• **Work item**
With the pictures removed, retype the lines from the one holding "New 2025 MAZDA CX-5 AWD 2.5 S image 18" through the end of the records, exactly as written.

• **Input data**

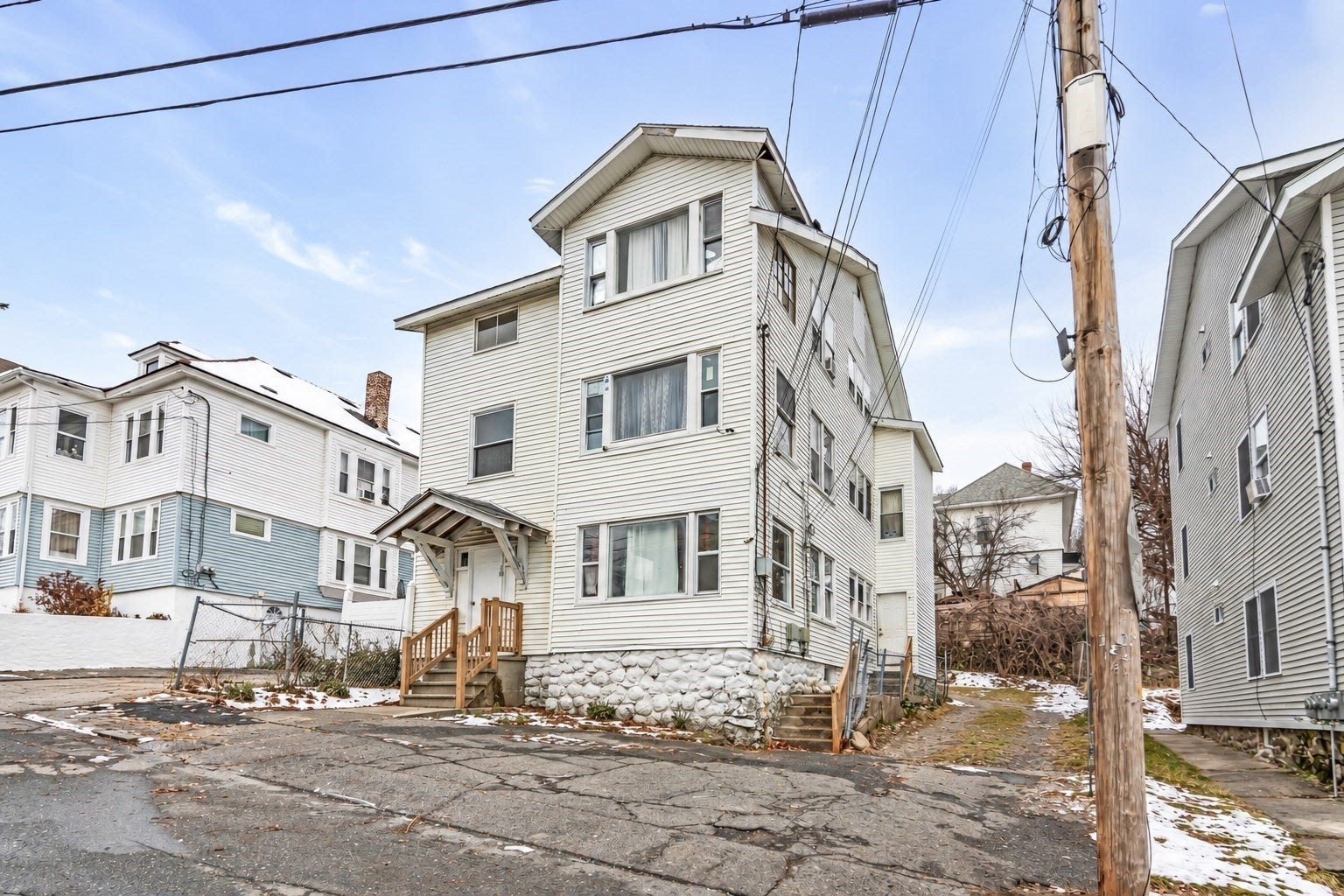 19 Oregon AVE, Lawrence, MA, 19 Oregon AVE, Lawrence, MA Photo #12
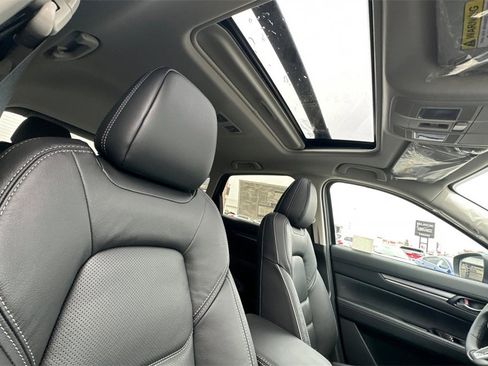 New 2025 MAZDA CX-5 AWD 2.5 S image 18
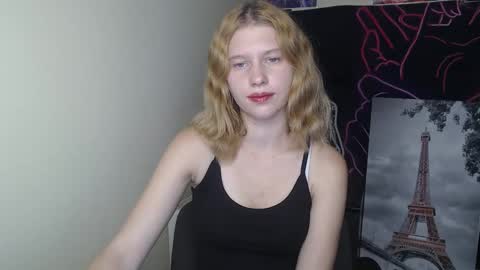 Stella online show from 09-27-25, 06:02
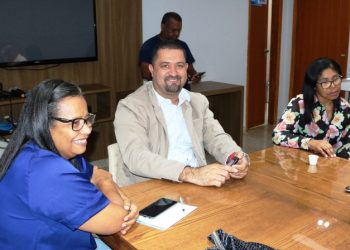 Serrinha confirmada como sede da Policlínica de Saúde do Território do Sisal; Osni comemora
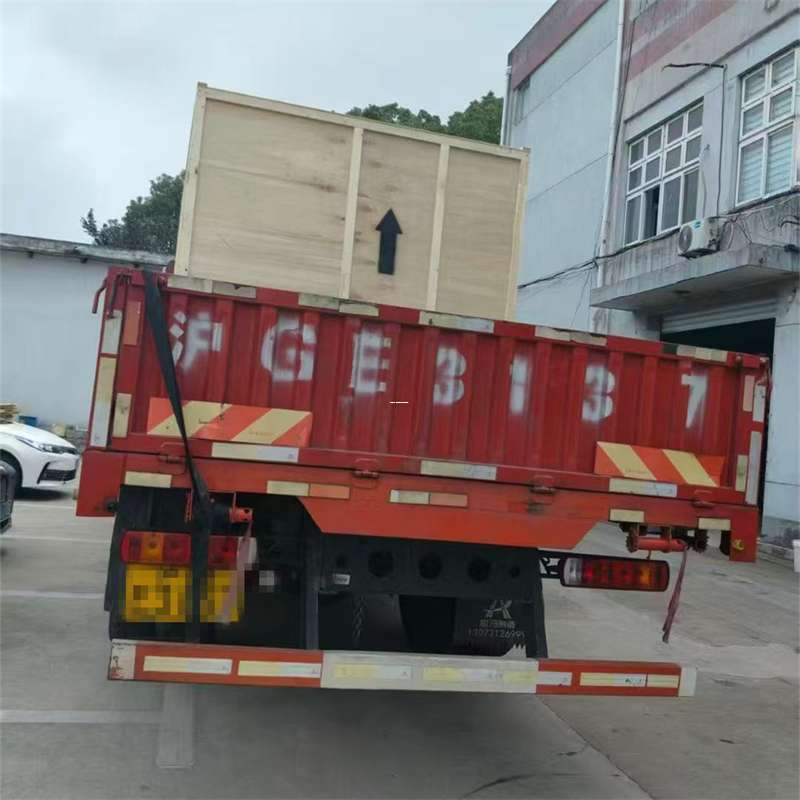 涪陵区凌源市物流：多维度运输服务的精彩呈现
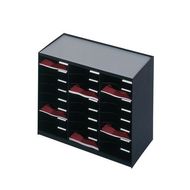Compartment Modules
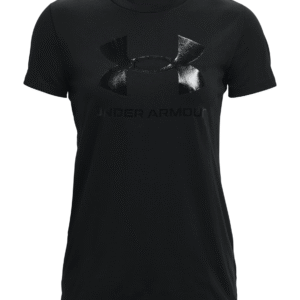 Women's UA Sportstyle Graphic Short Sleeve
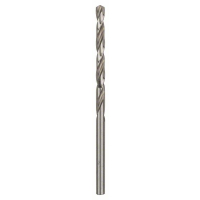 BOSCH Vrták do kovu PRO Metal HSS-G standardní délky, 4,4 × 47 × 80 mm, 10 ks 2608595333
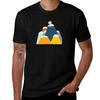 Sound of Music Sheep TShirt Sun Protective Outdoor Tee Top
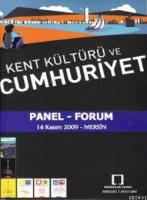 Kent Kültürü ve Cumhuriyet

• **Expected answer**
 New 2025 MAZDA CX-5 AWD 2.5 S image 18
 Stella online show from 09-27-25, 06:02
 Serrinha confirmada como sede da Policlínica de Saúde do Território do Sisal; Osni comemora
 涪陵区凌源市物流：多维度运输服务的精彩呈现
Compartment Modules
 Women's UA Sportstyle Graphic Short Sleeve
 BOSCH Vrták do kovu PRO Metal HSS-G standardní délky, 4,4 × 47 × 80 mm, 10 ks 2608595333
 Sound of Music Sheep TShirt Sun Protective Outdoor Tee Top
 Kent Kültürü ve Cumhuriyet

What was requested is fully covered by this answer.